A review of metadata: a survey of current resource description formats

A review of metadata: a survey of current resource description formats
Work Package 3 of Telematics for Research project DESIRE (RE 1004)

Title page
Table of Contents

Previous - Next

IAFA (Internet Anonymous FTP Archive) templates were designed by the IAFA working group of the IETF (Internet Engineering Taskforce) and guidelines were published in the form of an Internet draft in July 1995. (Peter Deutsch, Alan Emtage, Martijn Koster, M Stumpf. Publishing information on the Internet with anonymous FTP. Internet Draft. (working draft now expired). <URL:http://info.webcrawler.com/mak/projects/iafa/iafa.txt>). Template formats were drawn up for the various categories of information present on FTP archives: images, documents, sounds; services such as mailing lists and databases; as well as mailing list archives, usenet archives, datasets and software packages. Bunyip are now leading development of a whois++ White Pages directory system, Digger, which uses whois++ templates, a variation on the IAFA templates.

Constituency of use

Much of the driving force behind the development of the templates came from private companies, in particular from Bunyip as part of their development of Internet navigational tools and directory services; and from Martijn Koster at Nexor as a personal initiative. The aim of the IAFA template designers was to construct a record format which could be used by FTP archive administrators to describe the various resources available from their own archives.
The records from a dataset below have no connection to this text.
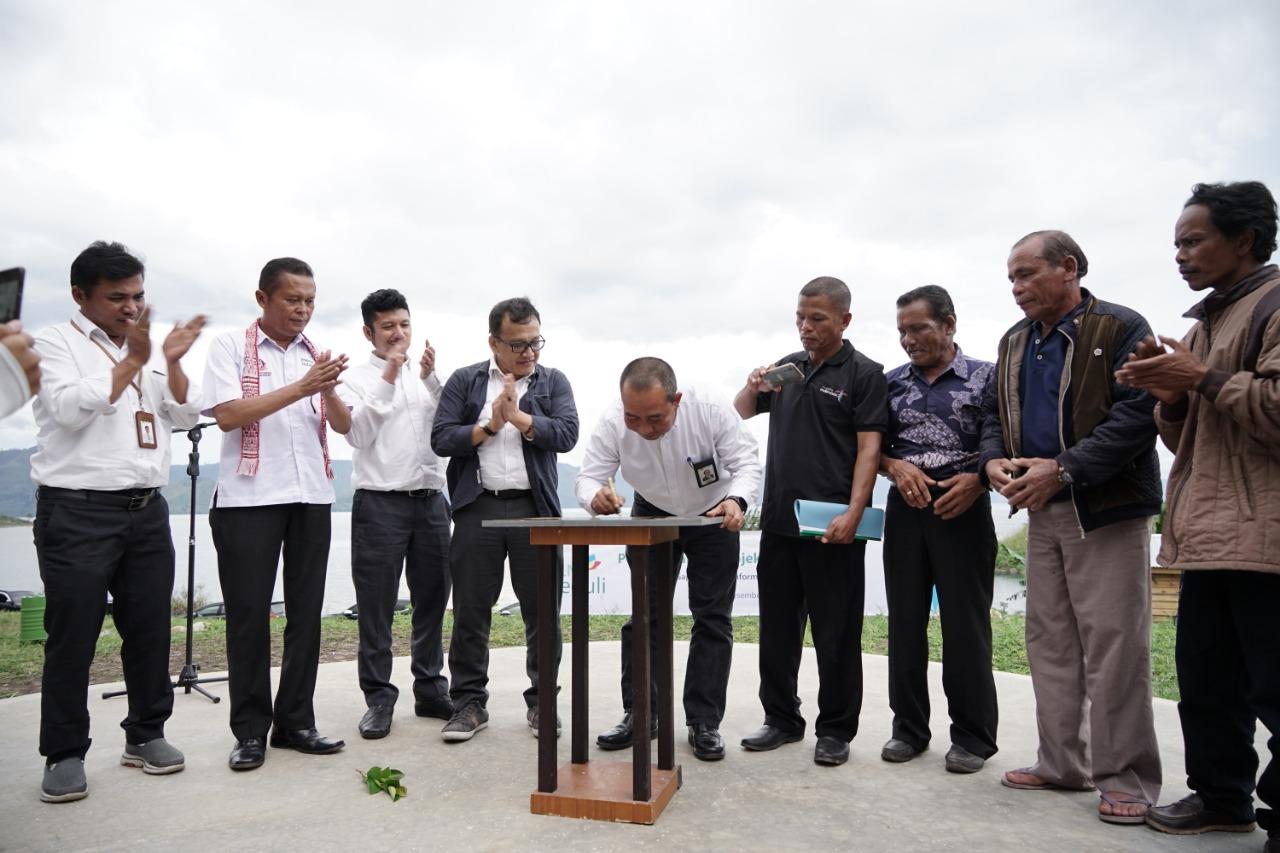 Berkomitmen Kembangkan Wisata Danau Toba, PLN Kembali Berikan Bantuan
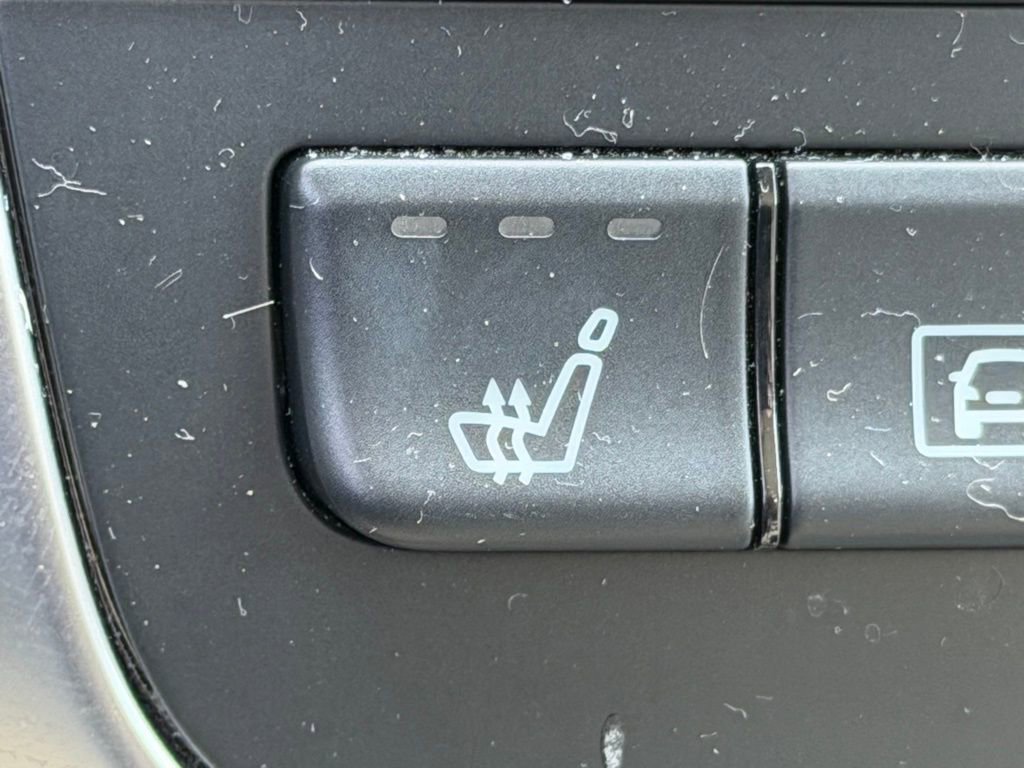 Used 2017 Mercedes-Benz GLA 250 4MATIC image 21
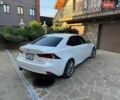 Белый Лексус ИС, объемом двигателя 2 л и пробегом 154 тыс. км за 16000 $, фото 3 на Automoto.ua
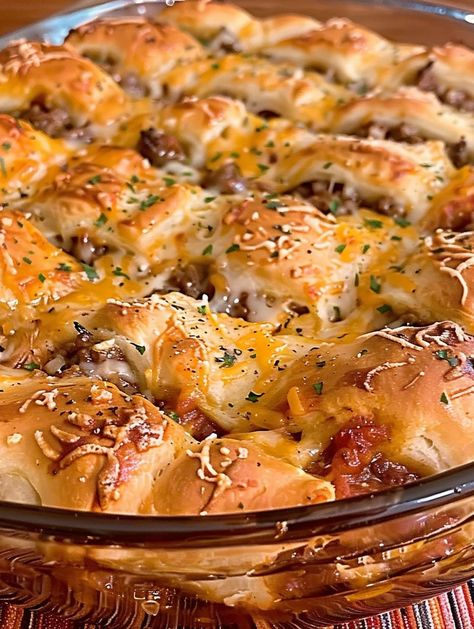 Casseroles With Croissants, Italian Beef Crescent Roll Casserole, Italian Croissant Casserole, Crescent Roll Italian Bake, Sausage And Crescent Roll Casserole, Italian Crescent Roll Casserole, Italian Crescent Rolls, Recipes With Crescent Dough Sheets, Beef Crescent Roll Recipes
IAFA templates were designed to facilitate effective access to FTP (file transfer protocol) archives by means of describing the contents and services available from the archive. Over the last few years many organisations wanting to allow access to their data, whether documents, datasets, images or software, have made them available as archives accessed by anonymous FTP. The IAFA template format has now been developed for use with the whois++ protocol, chiefly through the instigation of Bunyip who are developing directory service software conformant to this protocol.

The original intention was that each FTP site administrator would be responsible for ensuring that IAFA templates were available for each file on their archive. This information would be available for individuals visiting the archive and also, if FTP archive sites followed a common set of indexing and cataloguing guidelines, then it would be possible for software (such as Harvest) to automatically pick up the records. This is in fact happening in some implementations of the IAFA/whois++ templates, although in others records are being created centrally. The recently developed directory service software, whois++, allows search and retrieval of databases created in this way, and also offers the possibility of searching across multiple databases. (RFC 1835 P. Deutsch, R. Schoultz, P. Faltstrom, C. Weider. Architecture of the whois++ service. <URL:ftp://ds.internic.net/rfc/rfc1835.txt>). Experimental work is being done using the Common Indexing protocol (CIP) which gathers together a 'centroid' or summary from a number of database to form an 'index server'. The index server contains an index of all unique attribute values contributed by the centroids, and searches can be referred from one index server to another by interlinking the servers in a mesh. (RFC 1914 P. Faltstrom, R. Schoultz, C. Weider. How to interact with a whois++ mesh IETF Proposed standard protocol, February 1996)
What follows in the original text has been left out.